Richesses naturelles abondantes, des millions de nouveaux consommateurs, croissance soutenue... le Brésil semble béni des dieux. Du moins, le monde des affaires y croit.

La crise? Quelle crise? Elle n'est certes pas apparente dans les magasins de Rio de Janeiro ou de São Paulo.

En février, les ventes au détail au Brésil ont fait un bond spectaculaire de 12,3% par rapport à la même période l'an passé, a-t-on appris la semaine dernière. De quoi faire rêver nos détaillants en ces temps incertains.

Et on achète de tout: vêtements, électronique... et beaucoup de voitures neuves. Quelque 3,1 millions de véhicules ont été vendus dans ce pays l'an dernier. Et ça continue.

Si bien que sur le grand circuit mondial de l'automobile, le Brésil devrait dépasser l'Allemagne, cette année, pour devenir le quatrième marché en importance pour les ventes de véhicules (3,4 millions contre 3 millions), selon la firme J.D. Power.

Dieu est de notre côté

Avec des indicateurs aussi enviables, on est porté à croire le président Luiz Inacio Lula da Silva, qui s'est exclamé «Dieu est brésilien!» en annonçant en 2007 la découverte du gigantesque gisement pétrolier Tupi (de 5 à 8 milliards de barils), au large des côtes du pays.

Certes, la nature est généreuse avec le Brésil - l'un des seuls pays à pouvoir assurer son indépendance en matière d'eau, de nourriture et d'énergie.

Mais, comme en témoigne l'affluence dans les magasins, le vrai miracle brésilien est probablement ailleurs, soit dans la naissance de millions de nouveaux consommateurs.

Grâce à ses succès économiques, le Brésil a réussi à créer une véritable classe moyenne parmi les 185 millions d'habitants du pays.
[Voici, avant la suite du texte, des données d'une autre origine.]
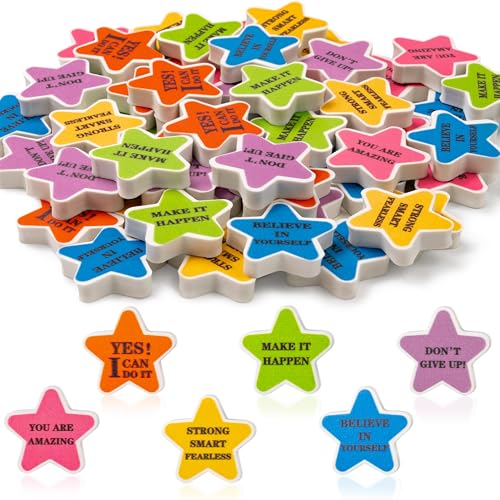 Pencil Eraser for Student Reward Classroom Prizes Birthday Gift Filler Supplies (Motivational Star-Shaped-120pcs)
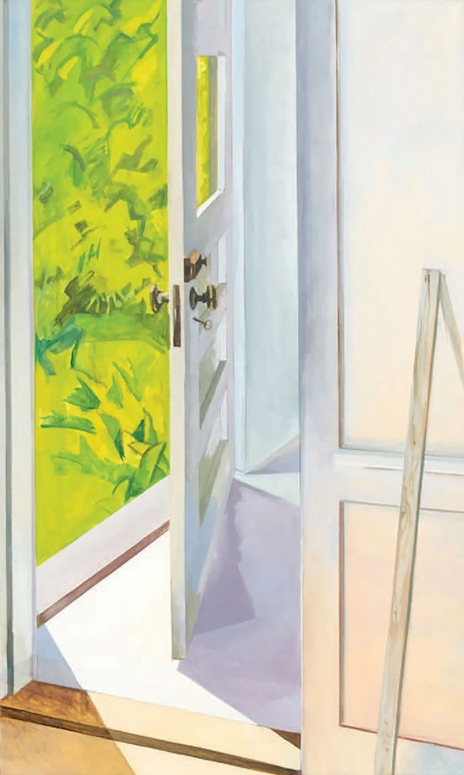 Lois Dodd, Front Door Cushing, 1982, oil on linen, 60 × 36"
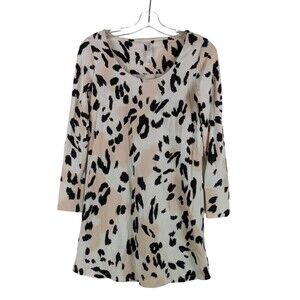 Soma Cool Nights Sleepshirt Nightgown Womens XS Long Sleeve Animal Print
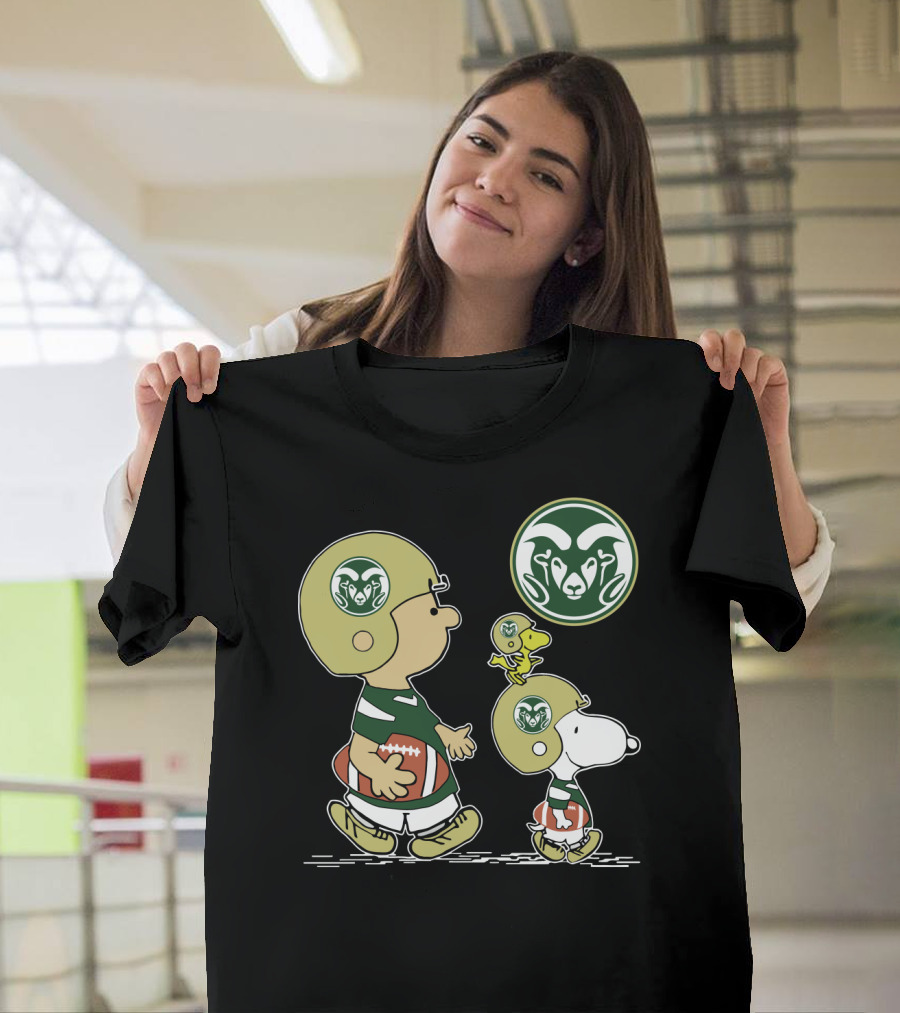 Colorado State Rams Snoopy And Woodstock Football Helmets T-Shirt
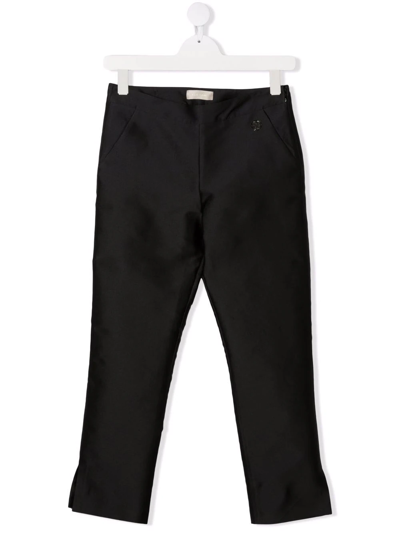Elie Saab Junior Teen Cropped Slim-fit Trousers In Black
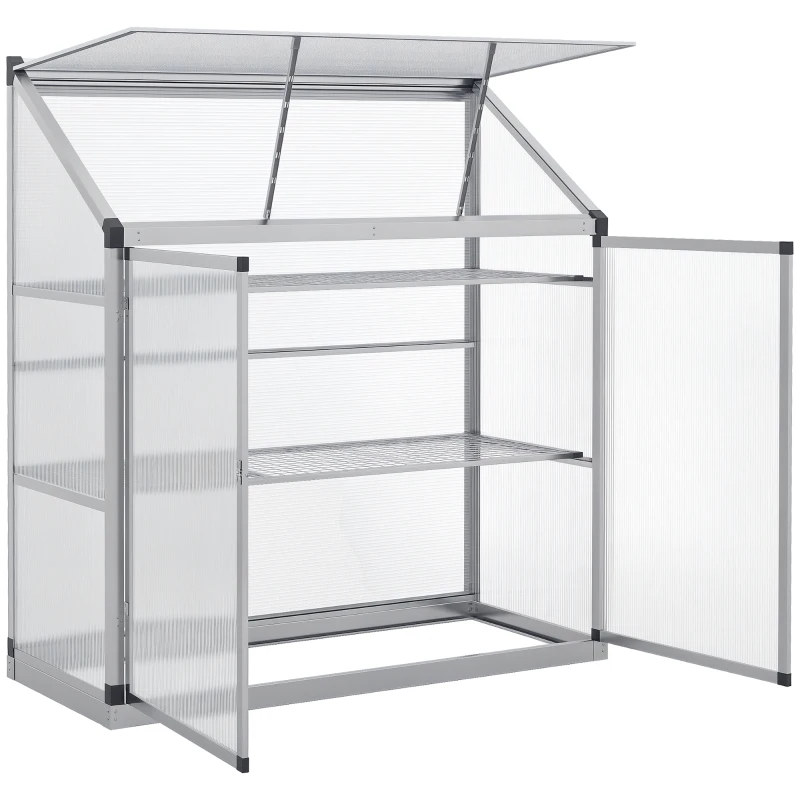 Outsunny 3 tier Greenhouse Outdoor Plant Garden Transparent Sunlight Board w / Foundation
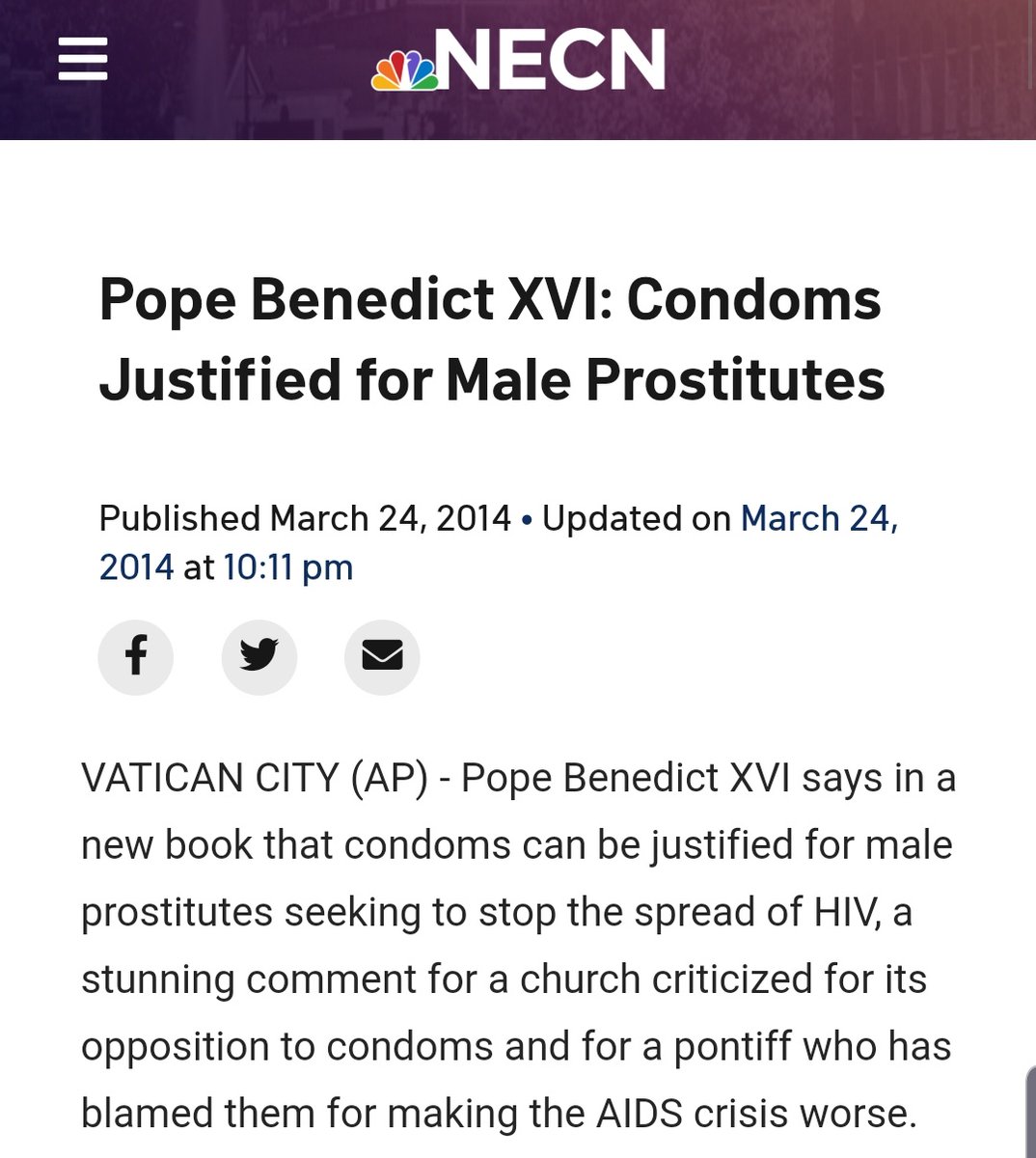 In 2010, it was reported around the world that Pope Benedict had blessed the use of condoms (especially for male prostitutes apparently) The Vatican rectified quickly thr next day and most people now forget the story A strong statement is needed for this too. Fast.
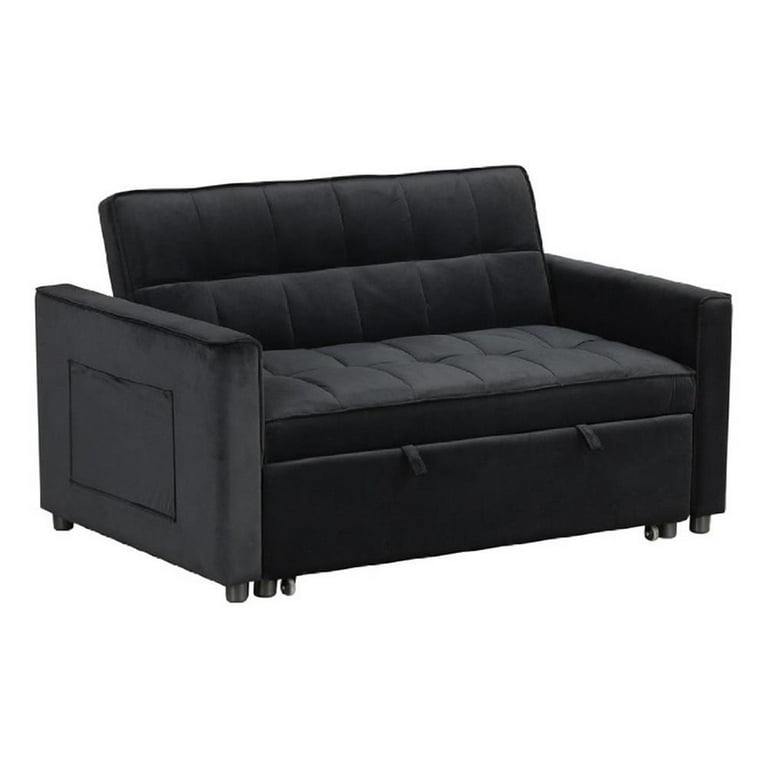 Marve Convertible Sleeper Loveseat, Side Pockets, Black Velvet 54 Inch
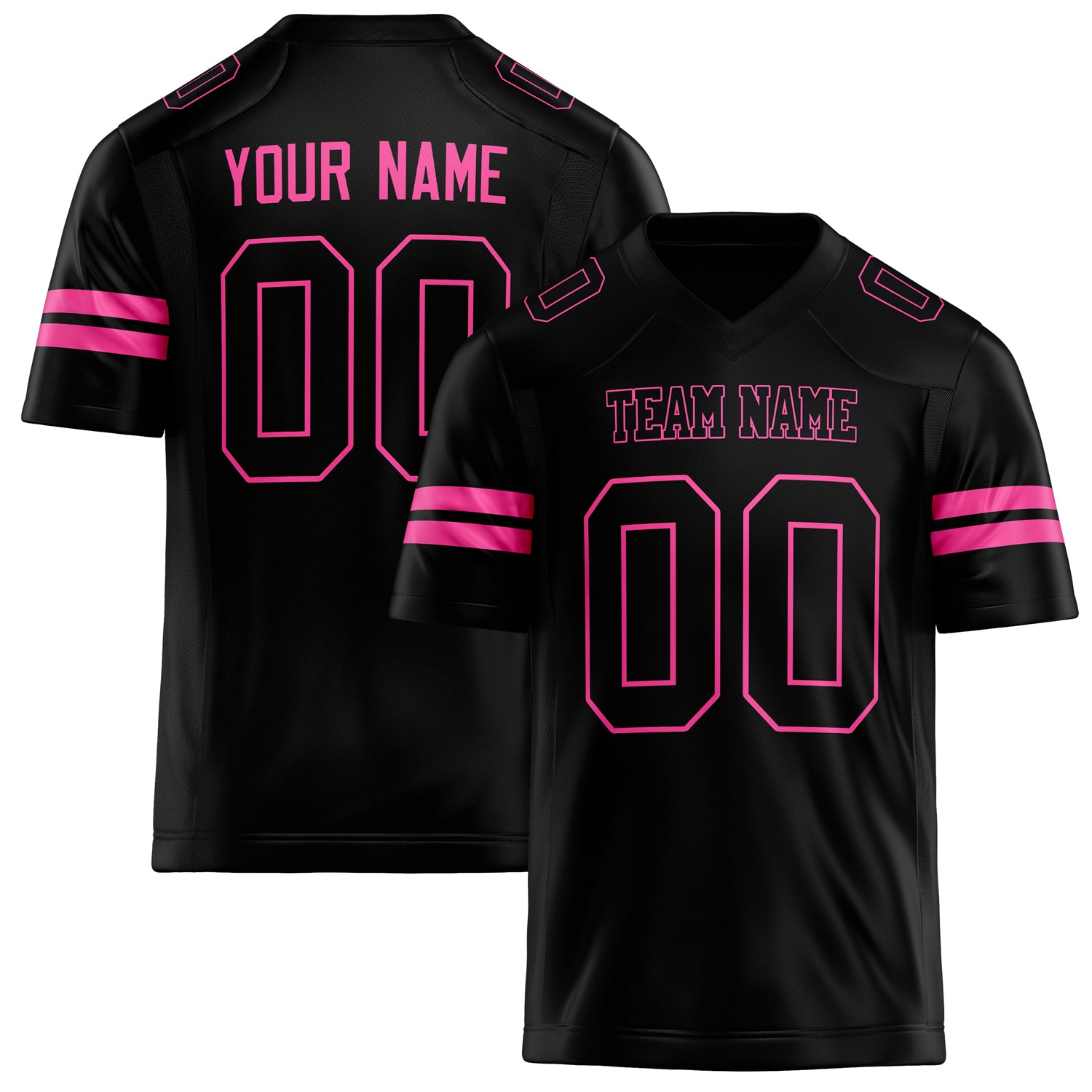 Maßgeschneidertes Professionelles Schwarz Rosa Rugbytrikot FT02240730BL039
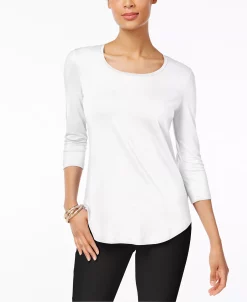 JM Collection 3/4-Sleeve Solid Tunic Top, Created For Macy's -Anne Klein Sales Store 8558164 fpx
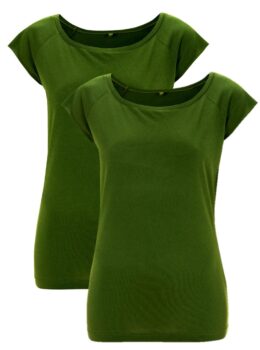Bamboe t-shirt dames 2-pack - Groen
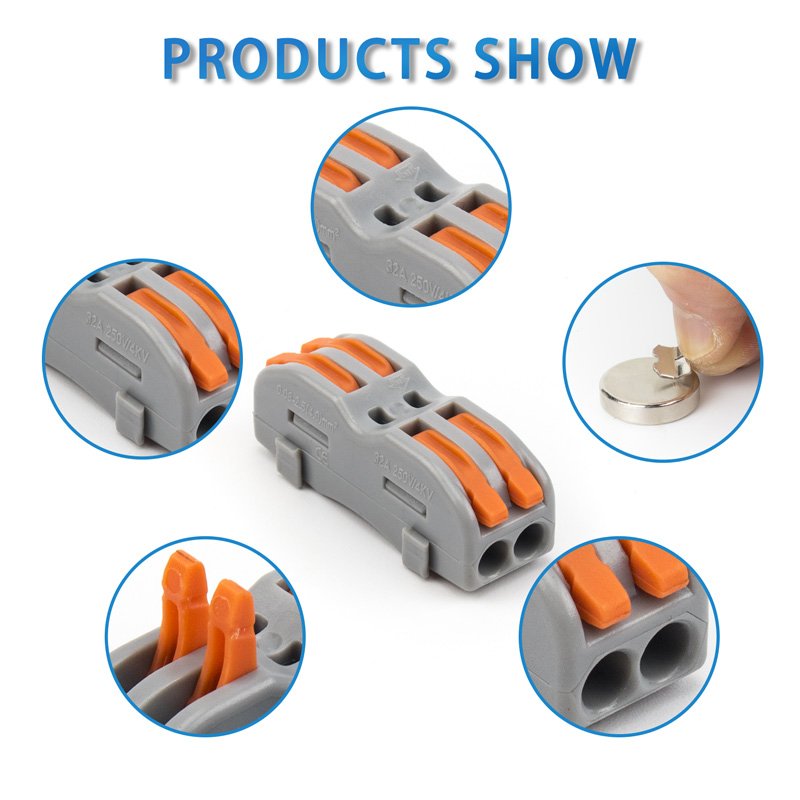 Spliceable Wire Connector SPL-2 Lever Connector 222 Universal Compact Wire Push-in Quick Terminal Block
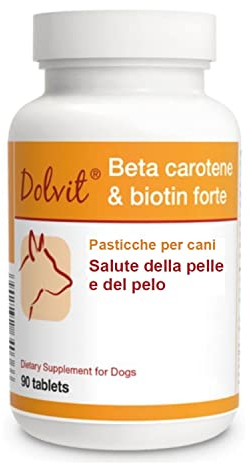 Dolvit Beta Carotene & Biotin Forte 90 CPR, Integratore Pelo Cane e Vista, Antiprurito per Cani e Supporto per Dermatite, Beta Carotene Integratore con Biotina per Pelle e Pelo, Rimedi Dermatite Cane
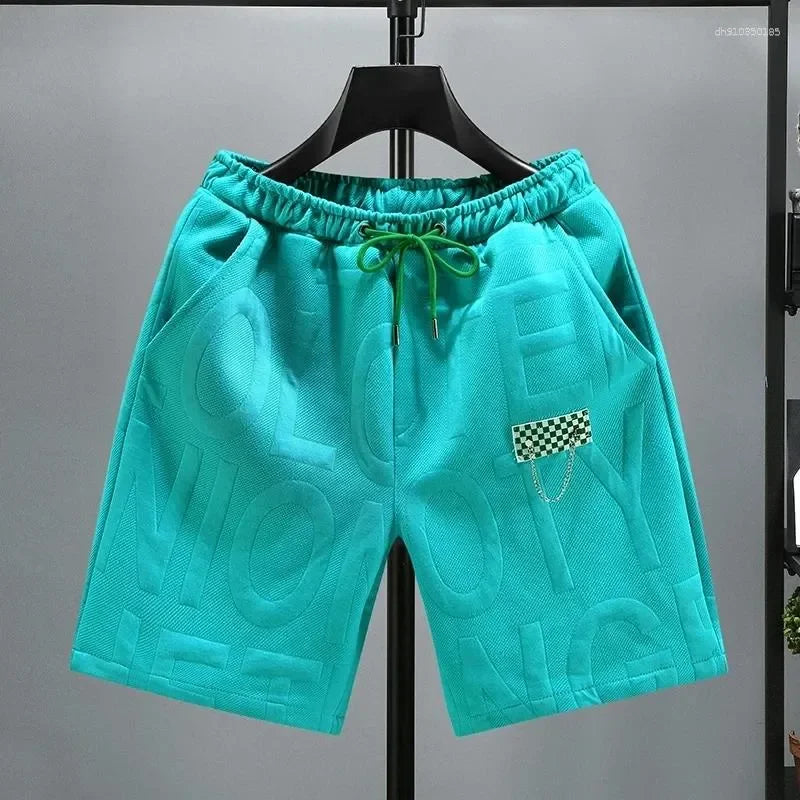 Men's Shorts Letters Fashion Knitted Men Comfortable Elastic Waist Clothing Male Breathable Short Trousers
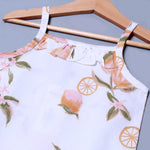 Load image into Gallery viewer, WHITE WITH ORANGE FLOWERS PRINTED COTTON FABRIC ROMPER
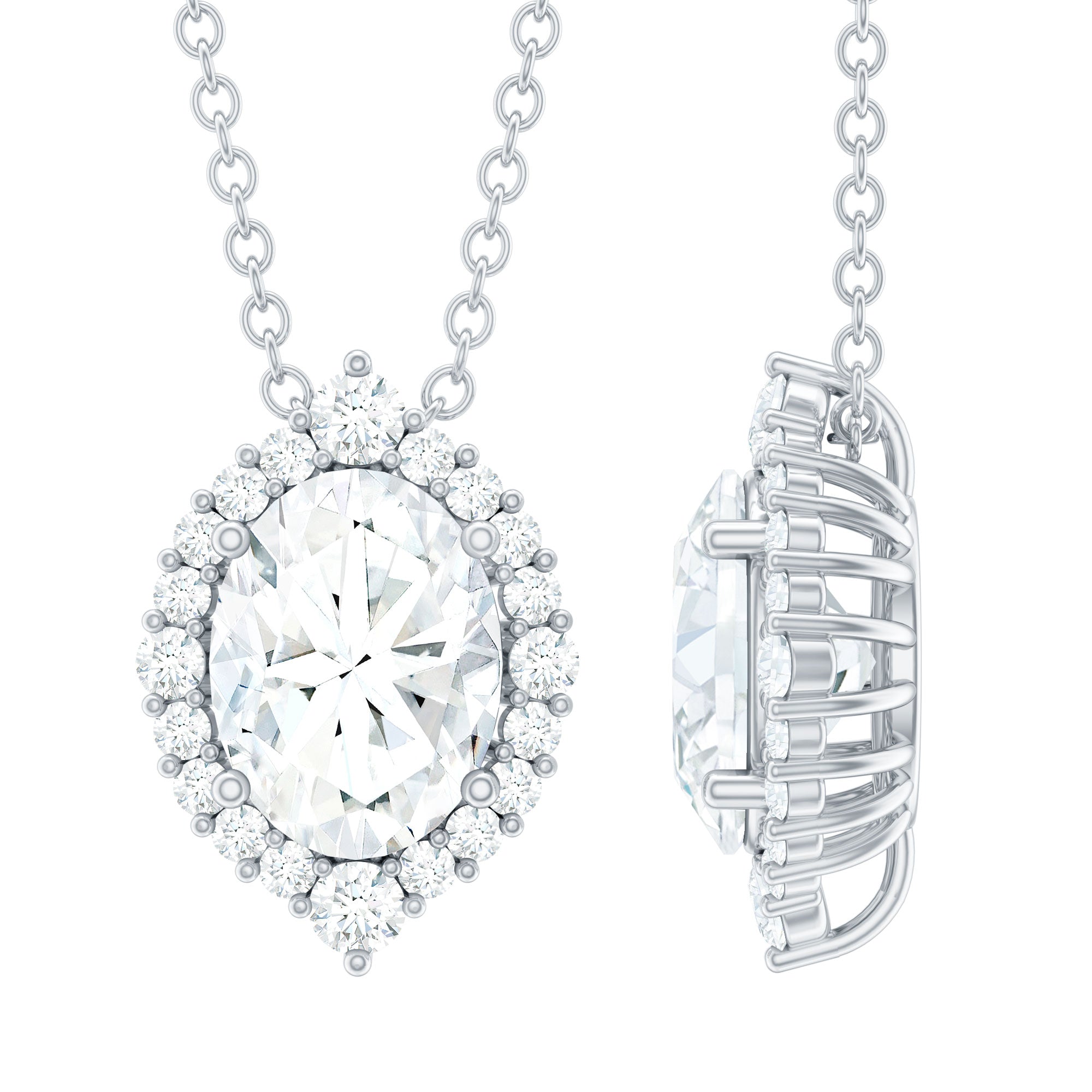 Certified 6X8 MM Oval Moissanite Cocktail Pendant Necklace D-VS1 92.5 Sterling Silver - Rosec Jewels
En 15 ans, elle est passée de 32 à 52% de la population, selon des statistiques officielles.

C'est probablement le fait d'armes de Lula da Silva, dont le deuxième et dernier mandat se termine l'automne prochain. En lançant des mesures sociales à grande échelle, comme la bolsa familia (aide financière conditionnée à la scolarisation des enfants), le président brésilien a sorti de la pauvreté 32 millions de ses concitoyens, selon le Boston Consulting Group. C'est presque autant que toute la population du Canada.

Autant de nouveaux consommateurs qui ont désormais accès au crédit et qui ne demandent qu'à dépenser.

Ruée des étrangers

Pas surprenant, alors, que les réalisations brésiliennes font accourir de nouveaux fidèles venus de partout dans le monde des affaires.

Ainsi, les investissements directs étrangers au Brésil devraient grimper de 47% cette année à 38 milliards de dollars, selon un sondage Bloomberg auprès de 100 économistes. C'est sans compter les 11 milliards que les investisseurs de l'extérieur du pays ont injectés à la Bourse brésilienne l'an passé - un record.

Les étrangers redoublent évidemment d'efforts dans les secteurs liés à la consommation: Carrefour, Sanofi-Aventis, Volkswagen et d'autres multinationales ont récemment annoncé d'importants investissements dans le pays.

Qui dit développement économique dit aussi infrastructures modernes. Or, le Brésil est en manque à ce chapitre.

Faute d'intervention divine, c'est Lula da Silva lui-même qui s'en occupera: son gouvernement vient d'annoncer des investissements de 900 milliards de dollars en grands travaux d'infrastructures, dont la plupart avant les Jeux olympiques qui auront lieu à Rio de 2016. C'est la deuxième étape de l'ambitieux Programme d'accélération de la croissance (PAC), lancé en janvier 2007.

Cet argent servira à la construction de deux millions de logements, de routes, de réseaux d'électricité ainsi qu'à la modernisation des ports et des voies ferrées et à l'urbanisation des favelas. Tout ça, sans toucher la cote de crédit du pays - toujours la meilleure d'Amérique latine.

Inflation

Le Brésil a donc fait des progrès énormes, mais peut-être trop rapides. Désormais, le défi du gouvernement sera de prévenir une surchauffe économique, prévient le président de la banque centrale, Henrique Meirelles.

L'inflation a atteint, sur une base annuelle, 5,2% en mars - ce qui est au-dessus de la cible de 4,5% que visent les autorités. Les Brésiliens doivent donc s'attendre à des hausses de taux d'intérêt pour contenir la croissance, qui devrait frôler les 6% cette année.

Un autre point tracasse les économistes. Bons vivants, les Brésiliens n'épargnent pas. Et quand ils consomment, c'est à crédit.

Le taux de défaillance des emprunteurs est élevé, de l'ordre de 12 à 15%, selon des banques européennes. Pas de quoi encore provoquer une crise. Mais c'est certainement une faiblesse que les dieux de la finance auront à l'oeil.